Overall, we saw about a 20-25% decrease in build time going from the GTX 960 to the GTX 970 depending on the number of video cards and anywhere from a 5-10% further decrease in build time upgrading to the GTX 980 or GTX Titan X.
Upgrading the number of video cards from one to two results in a 35-40% decrease in built time, while going from two to three is about a 20-25% further decrease in build time. Increasing the GPU count to four is a bit less effective, but still results in a 15-20% decrease in build time compared to the triple GPU configurations.
At first glance, it looks for choosing the right video card for PhotoScan follows the classic "more is better" approach. If you can buy four GTX 960 video cards for the same price as a GTX Titan X but the four GTX 960's result in a build time that is twice as fast (or even more at high and ultra high settings) why wouldn't you do that? Yes, the power draw of four GTX 960s is twice that of a single GTX Titan X, but if they can cut the build time in half or more that actually makes the four GTX 960's both cheaper and more power efficient than a single GTX Titan X.
The problem really comes about when you factor in the rest of the system - most notably the CPU. If you read our Agisoft PhotoScan Multi Core Performance article, there are a couple of very interesting CPU considerations when it comes to using multiple video cards in PhotoScan:
- As you increase the number of GPUs, the multi core efficiency of the "Build Dense Cloud" step increases by about 5% per GPU
- For every physical GPU in the system, Agisoft recommends you disable one CPU core (done through Preferences -> OpenCL)

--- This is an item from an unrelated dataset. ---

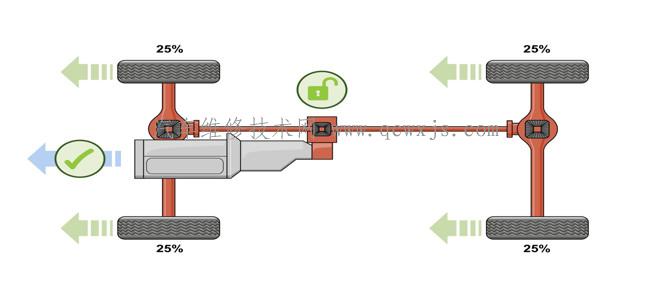 【DSC（动态稳定控制）对四驱的控制】图1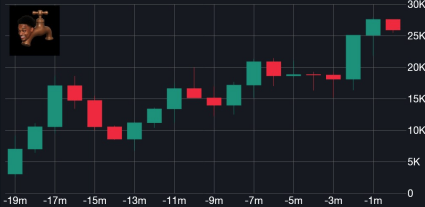 accsbit_'s tweet photo. $TAP is a good buy @ 30k. expecting at least 3X. https://t.co/43IWGFJIRh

Since you need one core reserved per GPU and the multi core efficiency increases as you add more GPUs to the system this means that as you add video cards you also have to have a CPU with a higher core count as well. Since CPUs with higher core counts are more expensive, this means you have to balance purchasing multiple cheaper video cards with a more expensive high core count CPU to ensure that you properly allocating your budget. Unfortunately, this makes it very difficult to recommend one GPU configuration over another.
We came up with two ways to help you make sure that you have the correct combination of CPU and GPU to give you the absolute best performance in PhotoScan for your budget. The first is a Google doc where we used both the results from this testing and our CPU article to come up with an estimate of approximately how long it should take different combinations of CPU and video cards to build a theoretical 3D model. If you want to play around with that, it is available at:
You will need to make a copy of the sheet (through File -> Make a Copy) before you can edit anything, but this gives you the freedom to input different CPU options (although the ones we have in there should be among the best choices) as well as what your budget is. Based on that, it will highlight the CPU/GPU combinations that fall within your budget so that you can look through them to find the one with the lowest build time.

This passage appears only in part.